In the fashion world, it seems like there’s always something to celebrate. In a constantly evolving industry, each new collection or disrupting collaboration is a cause for revelry. And for artist and designer Raquel Allegra in particular, this month marks a milestone well worth acknowledging.
Last June, the colorful designer opened her Los Angeles flagship store with her Fall/Winter 2017 collection, deciding (like Tommy Hilfiger and Rachel Zoe) to forgo NYFW for a more authentic environment—the store is also the space where she regularly creates her work. The store is outfitted in Allegra-esque notes of natural tones and breezy fabrics, and the clothing lends itself to the space just as much as the décor does. Now, on the first anniversary of the store’s opening, Allegra is gearing up for her forthcoming Spring 2018 collection.
Below, Allegra tells DuJour about the colorful series of events that ultimately inspired this new collection: her past life in Costa Rica, opting out of NYFW and more.
In terms of your first store, what does having this space mean to you?
I’m constantly testing things with my hands and now I have a place that I can actually put those things now. I have a dye room in my studio; it’s like my happy place.
What was the thought process behind showing your FW17 collection there, versus in New York?
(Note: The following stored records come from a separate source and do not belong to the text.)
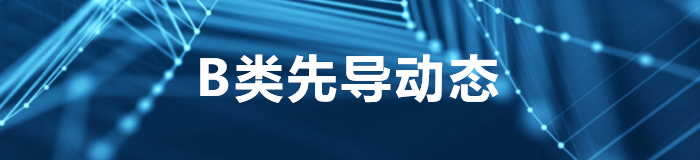 B類(lèi)先導(dǎo)動(dòng)態(tài)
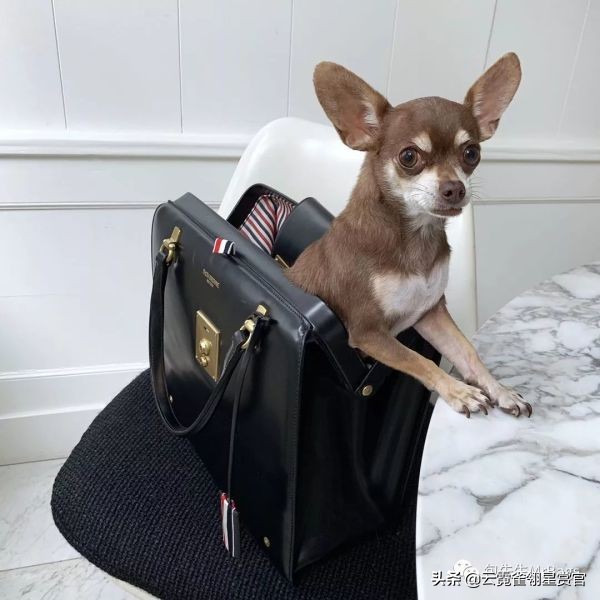 好看又大的宠物包,超好看的宠物包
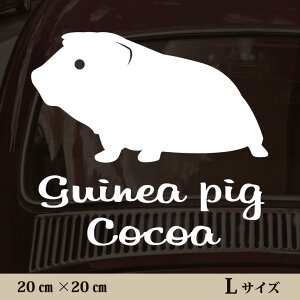 y }\ P5{ z XebJ[ y bg zL ybg J[ ybgXebJ[ 킢 Vv JbeBOV[g ObY O  I[_[ O V[  ]ʎ 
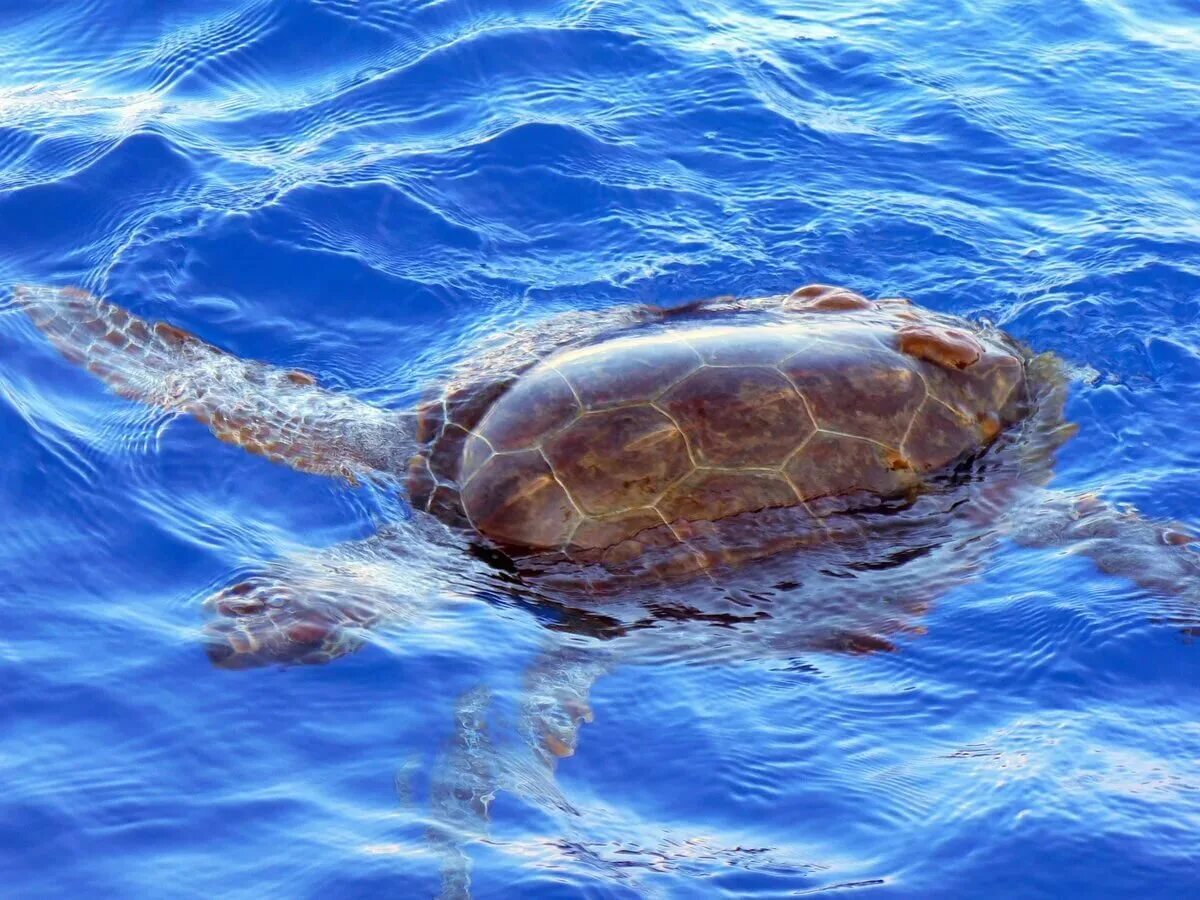 Floating turtle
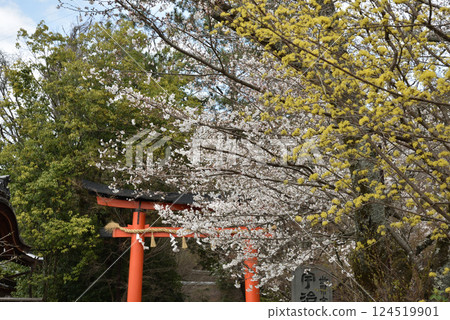 世界遺產:宇治上神社佐倉(京都府宇治市) 世界遺產:宇治上神社佐倉(京都府宇治市) 124519901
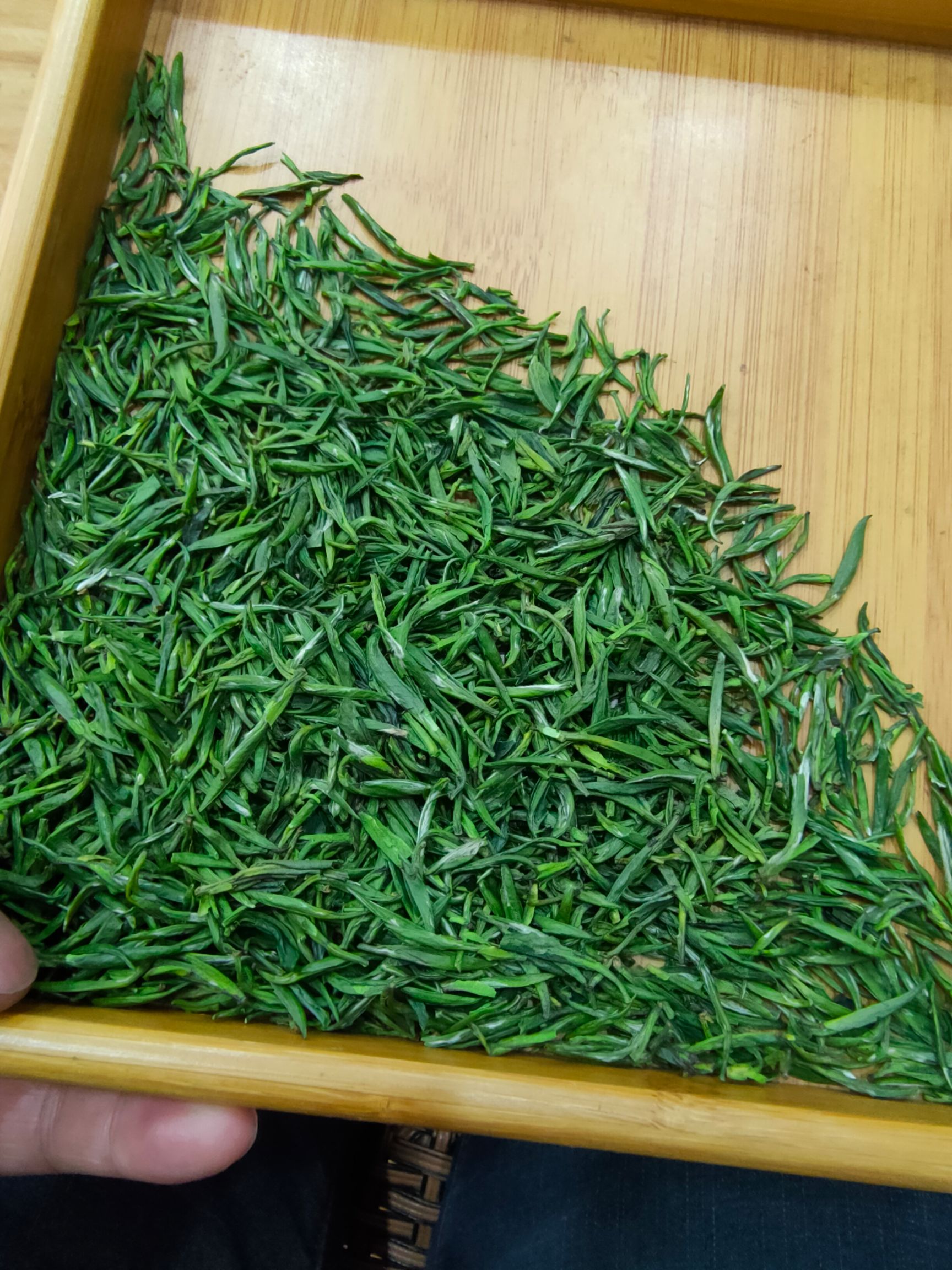 新茶2025年 雀舌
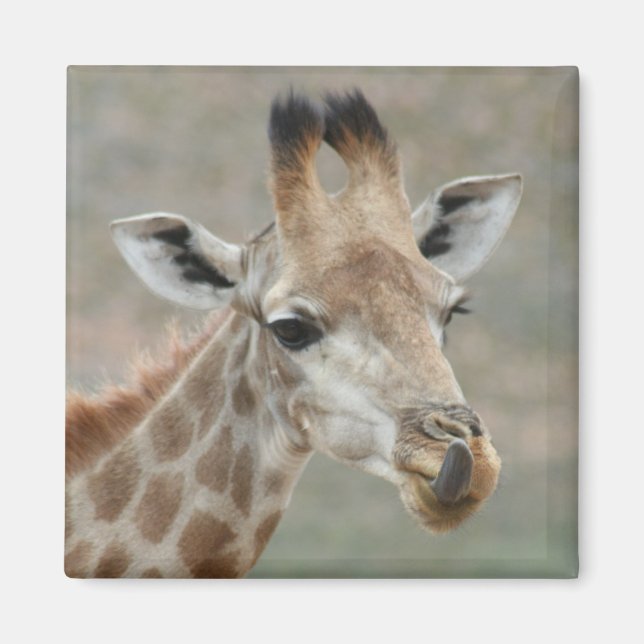 Imã Giraffe Tongue Magnet (Frente)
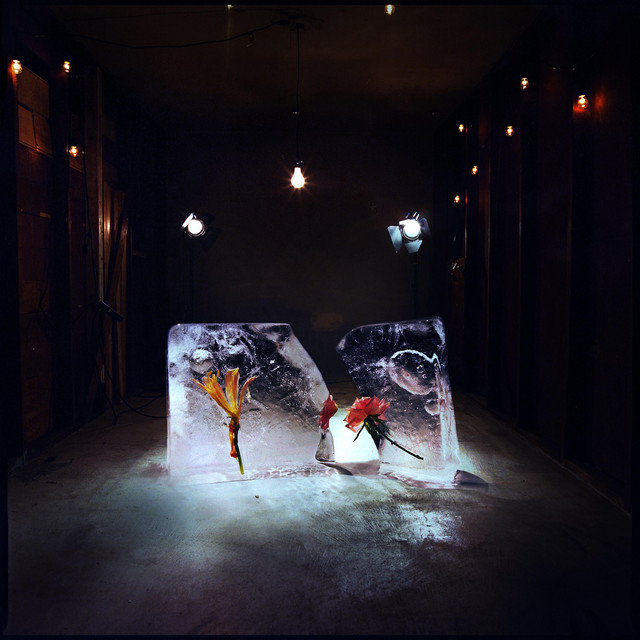 Trivial Motion cover art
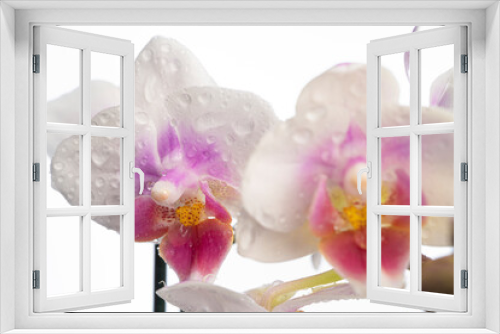 Fototapeta Naklejka Na Ścianę Okno 3D - Phalaenopsis orchid. Orchid flower. close-up, isolated background. Place to copy.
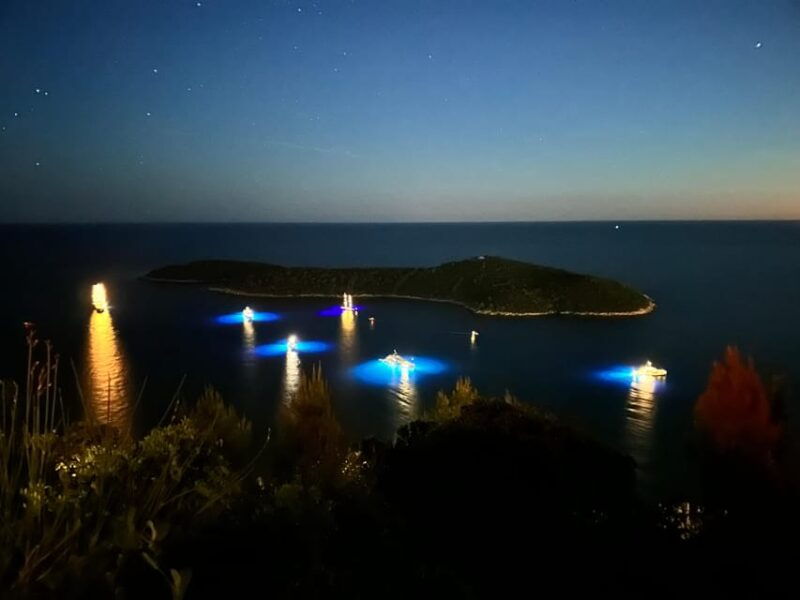 Dubrovnik Night Drive: Lights of the Adriatic - Good To Know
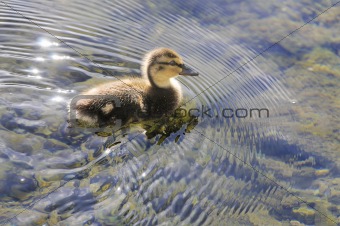 duckling making ripples
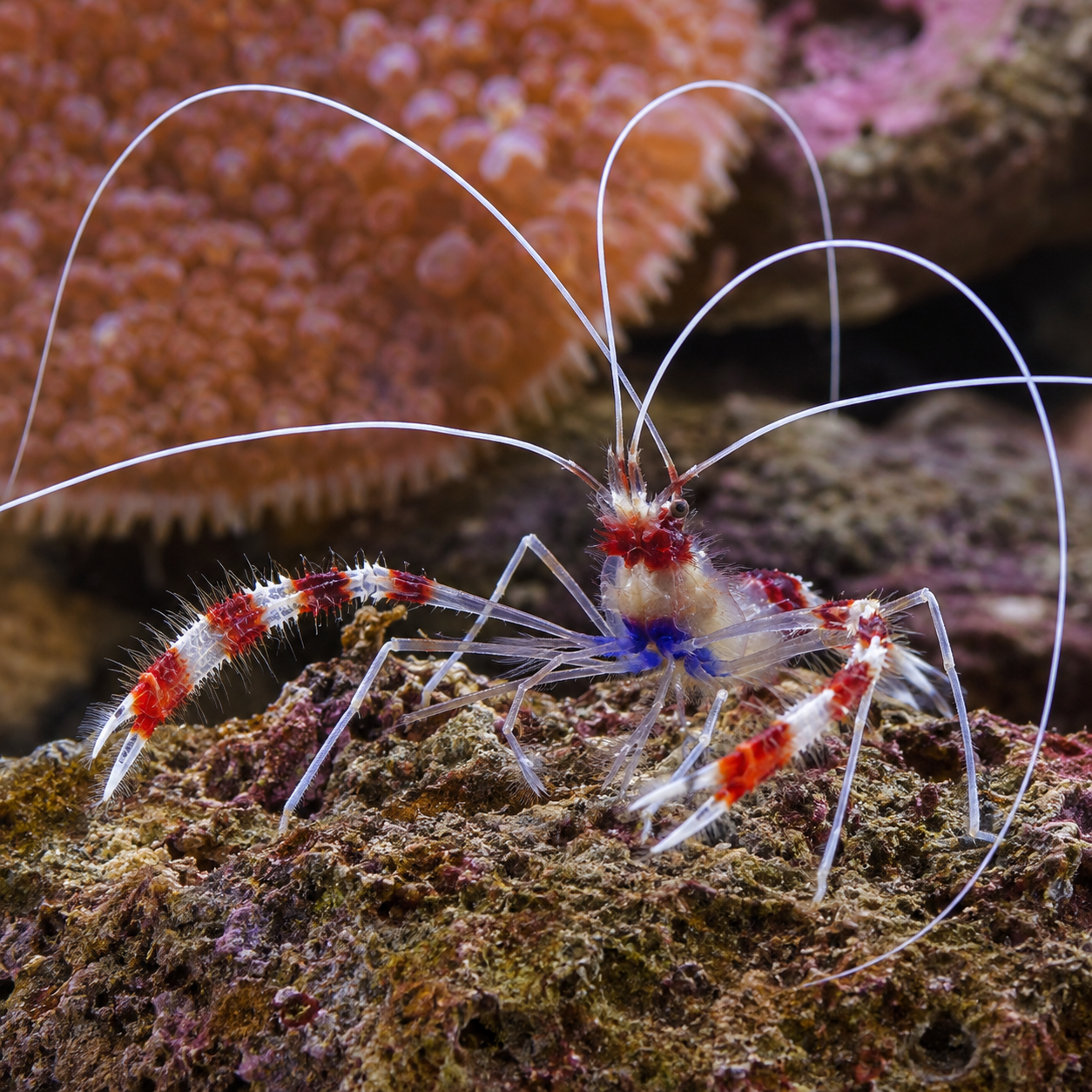 Representative image of Coral Banded Shrimp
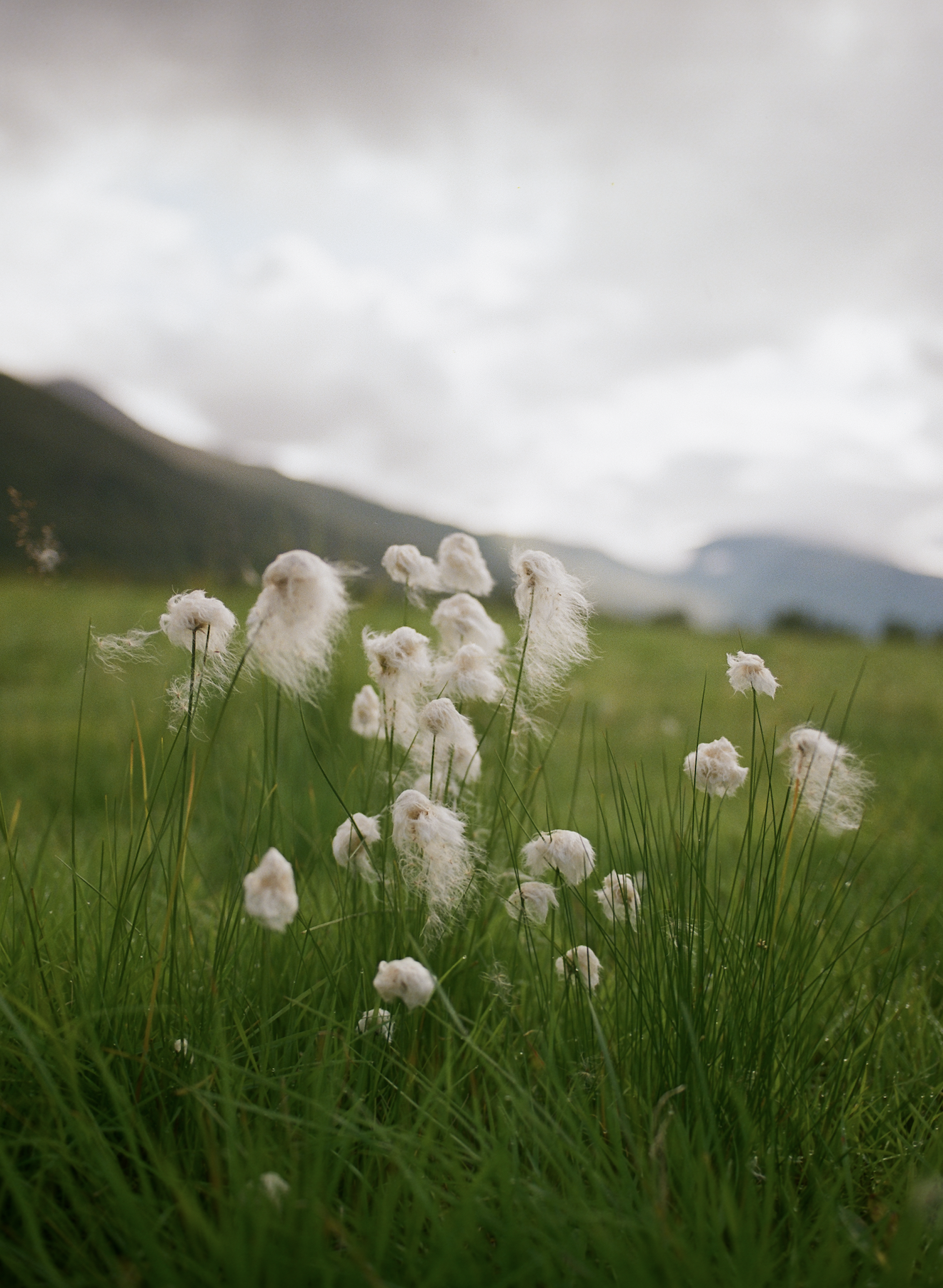 Screenshot 2026-01-30 at 11.29.42 AM.png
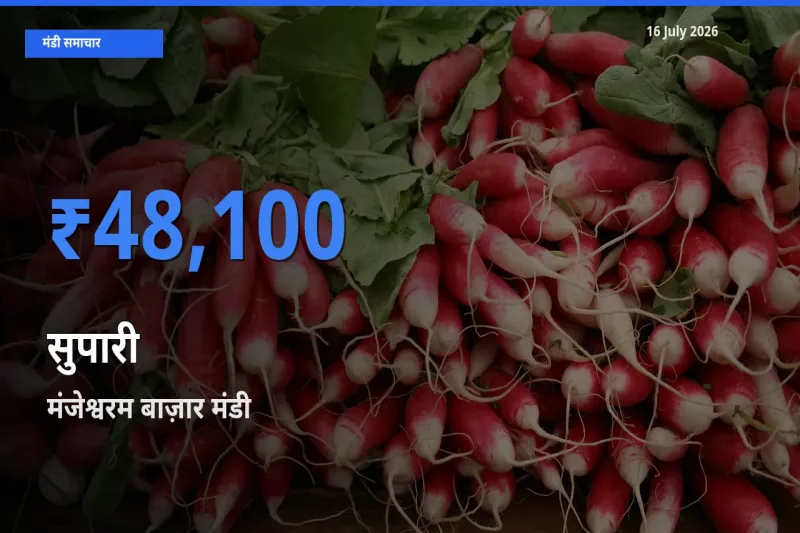 मंजेश्वरम बाज़ार में सुपारी का आज सबसे ऊँचा भाव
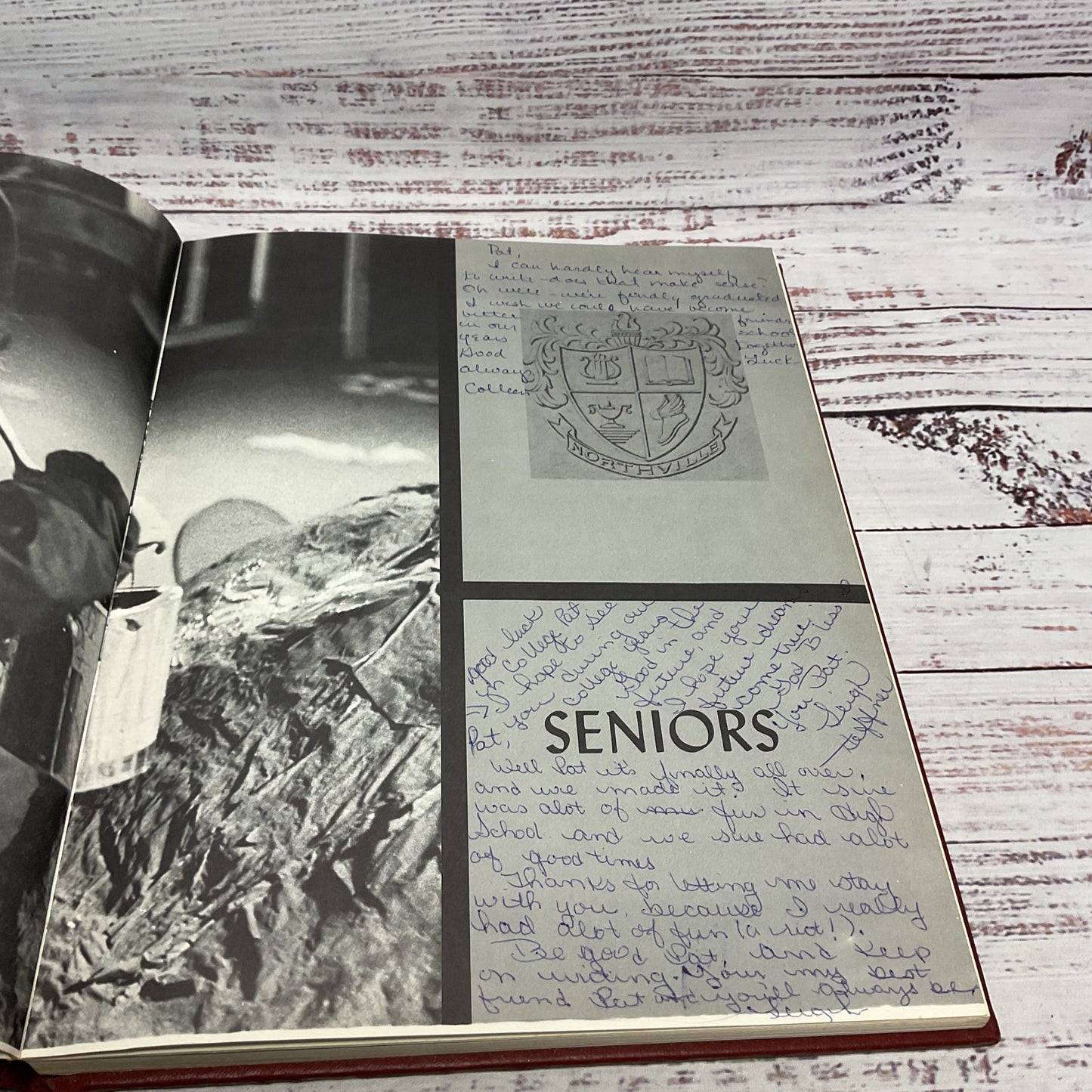 Palladium Northville Michigan 1970 Highschool Yearbook Palladium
I think after everything in Costa Rica—including shooting the film, which was very personal for me—the feeling that I wanted to share; I felt that I could share it best in my own environment. So I created a little tropical rainforest in my store. It’s a feeling of “light” and “joy,” it makes me want to dance. When I’m in Costa Rica I feel it through my feet, I feel connected to the Earth, and I wanted to bring people that feeling. We could’ve done New York, but it wouldn’t feel authentic.
You’re currently in Costa Rica now! When did you first fall in love with this destination?
It wasn’t until the very end of us creating this collection that I went to Costa Rica and had this total, personal awakening. I came back and said to my team: “We’re going to Costa Rica to shoot a fashion film.” So that’s what we did. So I brought my team back in January and we shot it, and in three to four sections in it I’m working with horses. This one horse in particular, Rambo, was just incredibly gentle. I’ve really never travelled so much, but I just want to keep coming back. I think this was my fifth time visiting since December, before this I was never really been one to travel.
In terms of training with horses and yoga—where do those two things intersect with your creative process?
When I came to Costa Rica it was to ride horses and do yoga with a really small group of women who ride also, and who do training that’s focused on your relationship with the horse, rather than traditional training that’s more about domination. And like in yoga, when you can connect with your breath and while you’re on the back of a horse—especially if there’s no saddle between you—you can actually use it to find the position with your body, to connect more deeply with the horse. When I started working with horses I was going through a really hard time in my life, just personally I felt like I had shut down quite a bit. I was in a relationship that wasn’t very good for me, and I think that working with horses literally saved my life.
When you look back at your journey towards creating this brand—you started in retail at Barney’s—what comes to mind as the biggest challenge of being a designer?
Spending most of my time not designing! I hired a designer last year who has been incredibly instrumental in keeping the calendar and fleshing out concepts that I come up with. And I’ve been spending more time building relationships outside of designing, spending time with my staff and traveling so I can stay inspired. But the last couple of months I’ve been doing more design than I had been previously.